Riferimenti chiari all’indagine sull’ex Westinghouse che coinvolge proprio Appendino, sotto inchiesta per falso in atto pubblico assieme al suo ex capo di Gabinetto Paolo Giordana e l’assessore al Bilancio Sergio Rolando. L’ipotesi di reato nasce da una postilla inserita nel primo bilancio firmato dalla giunta a 5 stelle e fa riferimento alla vicenda dell’ex Westinghouse. Si tratta di un debito da 5 milioni di euro ereditato dall’amministrazione di Fassino, ma cancellato dal documento contabile della città. I predecessori della Appendino avevano contratto il debito con la società Ream della Fondazione Crt, che aveva anticipato come caparra i 5 milioni per assicurarsi un diritto di prelazione per costruire un grosso centro commerciale sull’area ex Westinghouse.

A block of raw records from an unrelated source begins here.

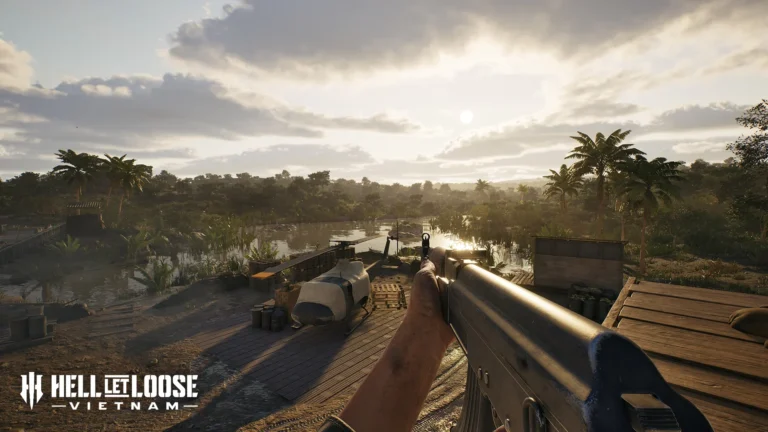 Hell Let Loose: Vietnam inicia teste aberto com crossplay e revela mapa inédito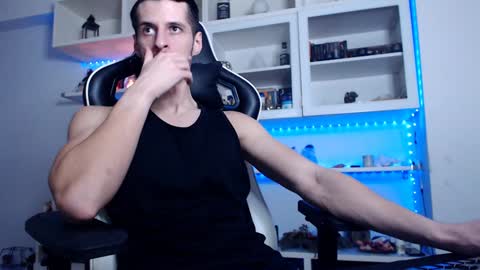 MasterTodd online show from January 13, 2:07 am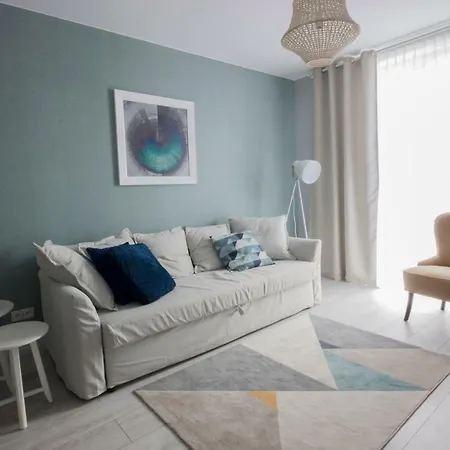Apartament 9 아파트 말보르크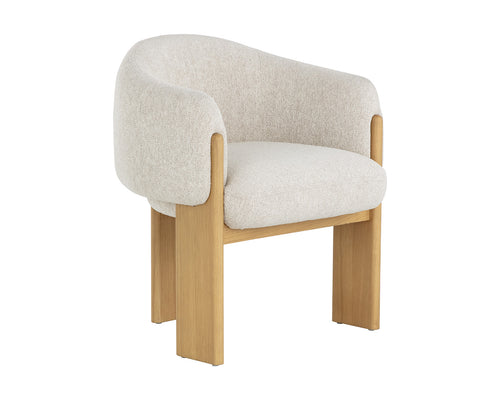 Trine Dining Armchair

Quei soldi, secondo gli accordi, dovevano essere restituiti nel 2017, visto che poi il progetto in questione è stato accantonato. Nel bilancio 2016, però, quella cifra non è mai comparsa. E negli scorsi giorni sono arrivate le dimissioni dei revisori dei conti del Comune, dopo mesi di polemiche e scontri con la giunta M5s e la sindaca per la bocciatura della variazione al bilancio 2017-2019 e il bilancio consolidato 2016 e il braccio di ferro anche sul debito Ream.

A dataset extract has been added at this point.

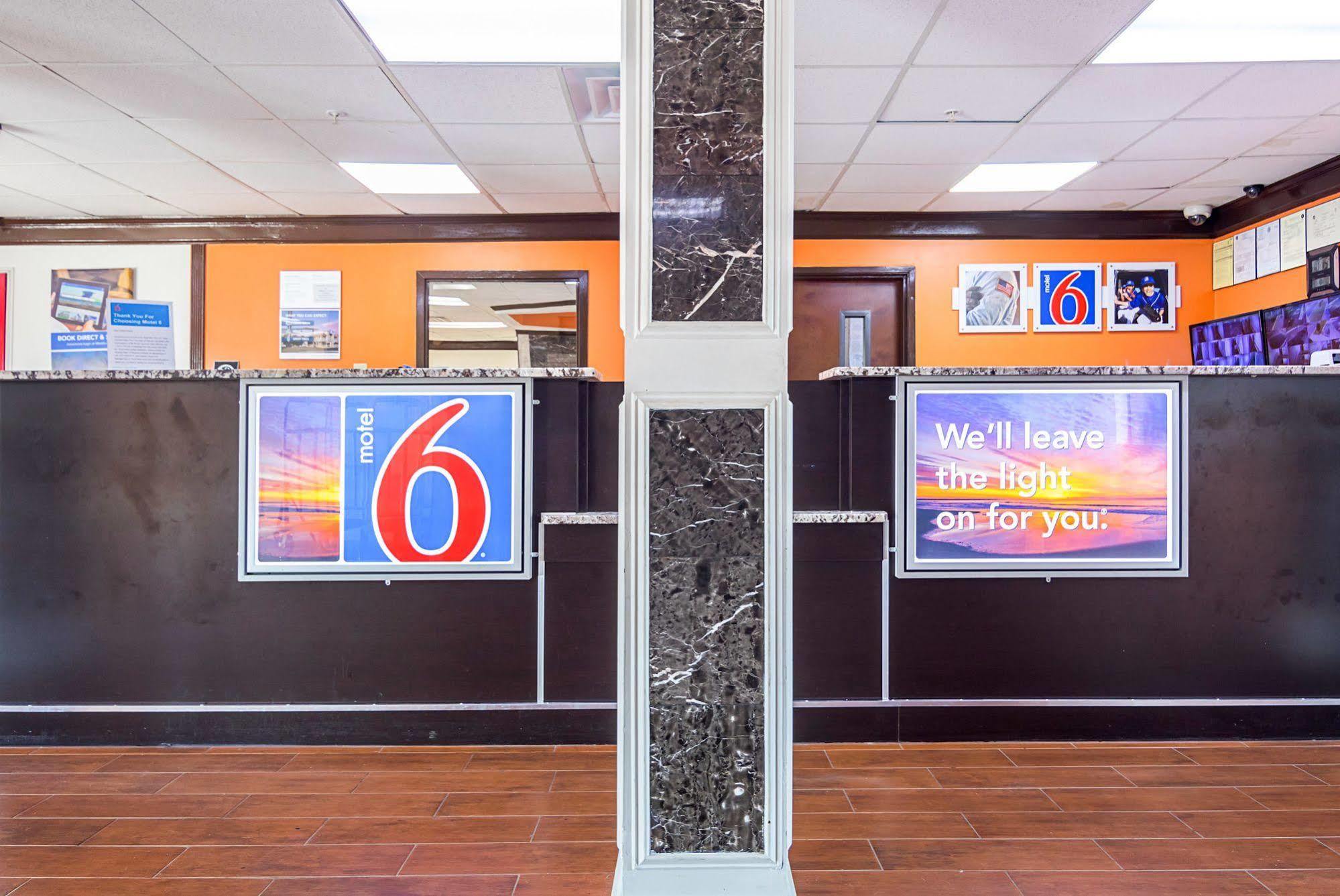 Motel 6-Jonesboro, Ga Buitenkant foto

“Non possiamo stare sempre sulla difensiva facendo raccontare che sprechiamo i soldi pubblici, perché non è così. Se con me si fossero dimessi i revisori dei conti, ci avrebbero portato via”, aveva esordito il segretario del Pd prima di sferrare l’attacco contro “gli amministratori che falsificano i bilanci”. E l’Appendino ha risposto con un post su Facebook nel quale chiama in causa Fassino, sotto indagine assieme all’assessora regionale Antonella Parigi per turbativa d’asta e falso in atto pubblico nell’ambito dell’inchiesta sull’edizione 2016 del Salone del Libro: “Dopo gli ultimi ‘grandi’ successi collezionati in politica, Renzi ha evidentemente deciso di sostituirsi ai magistrati, emettendo sentenze prima ancora della chiusura delle indagini – si legge sul suo profilo istituzionale – proprio mentre illustri esponenti del suo partito sono sotto inchiesta per il Salone del Libro e non solo. La prossima volta consiglio al segretario del Partito Democratico di pensarci due volte prima di accusare la nostra amministrazione di aver falsificato bilanci”.